# Records

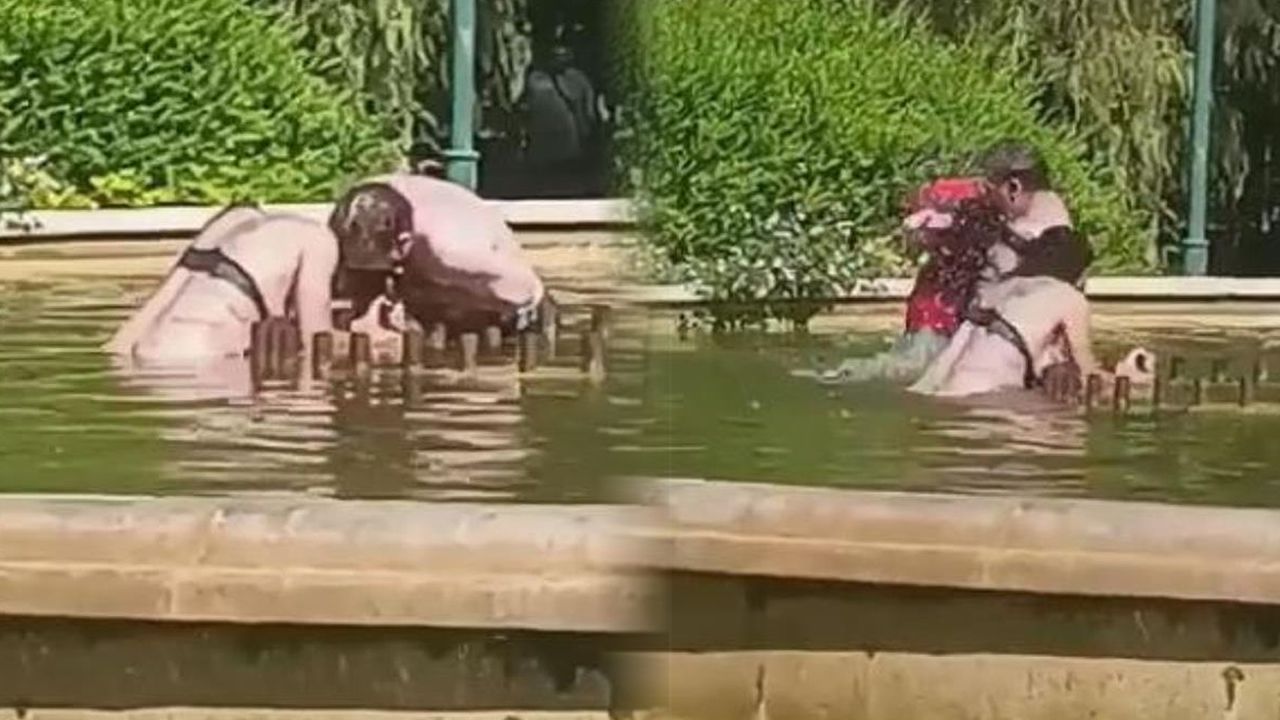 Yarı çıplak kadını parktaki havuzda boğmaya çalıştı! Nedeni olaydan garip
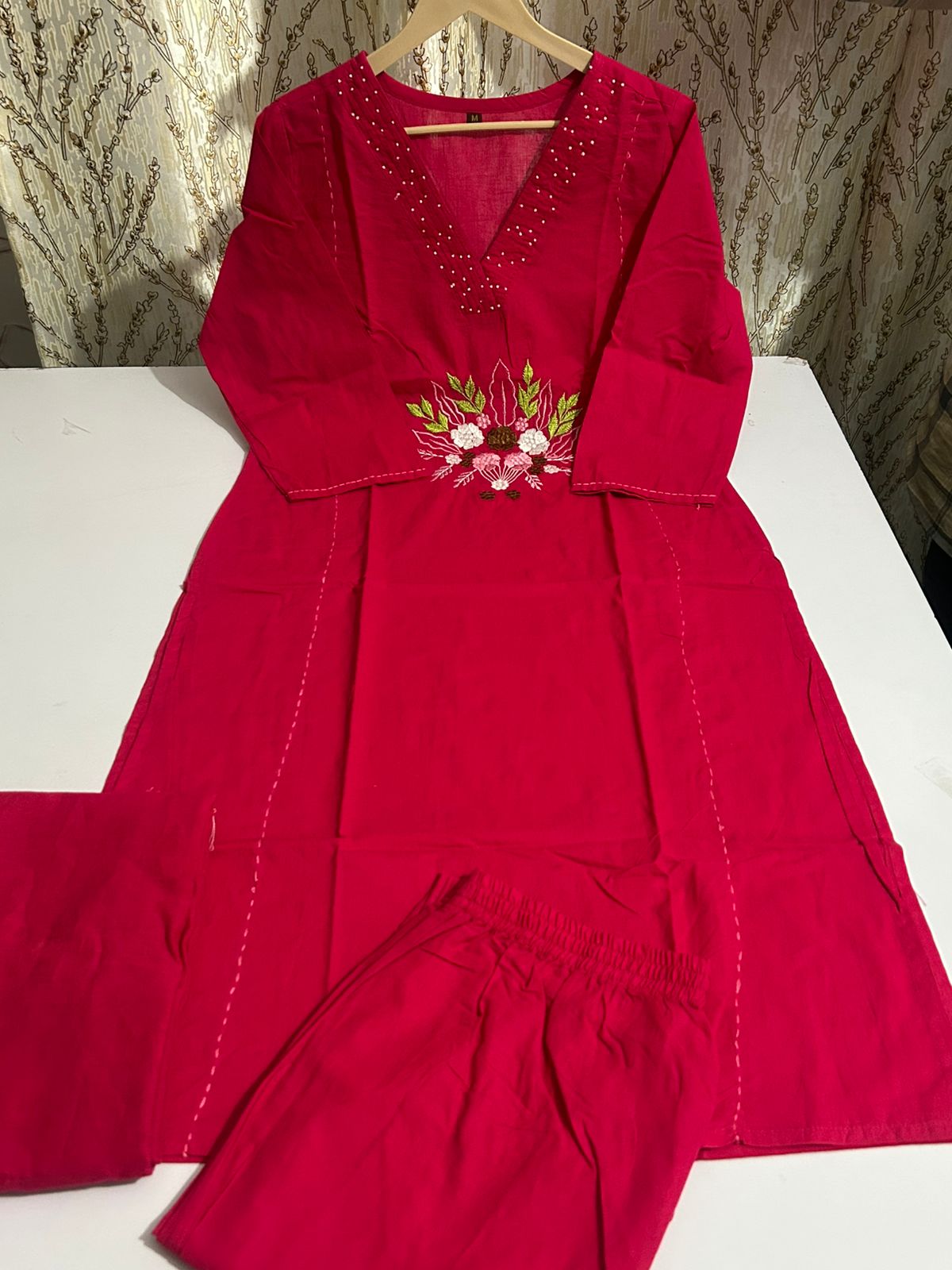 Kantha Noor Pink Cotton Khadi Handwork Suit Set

* * *

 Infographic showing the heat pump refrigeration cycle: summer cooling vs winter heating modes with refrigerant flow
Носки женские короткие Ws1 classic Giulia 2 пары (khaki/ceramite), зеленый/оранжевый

# Work request
Please output exactly the lines between the one holding "Infographic showing the" and the one holding "Носки женские короткие" in the records above, inclusive, and nothing more.

# Task result
 Infographic showing the heat pump refrigeration cycle: summer cooling vs winter heating modes with refrigerant flow
Носки женские короткие Ws1 classic Giulia 2 пары (khaki/ceramite), зеленый/оранжевый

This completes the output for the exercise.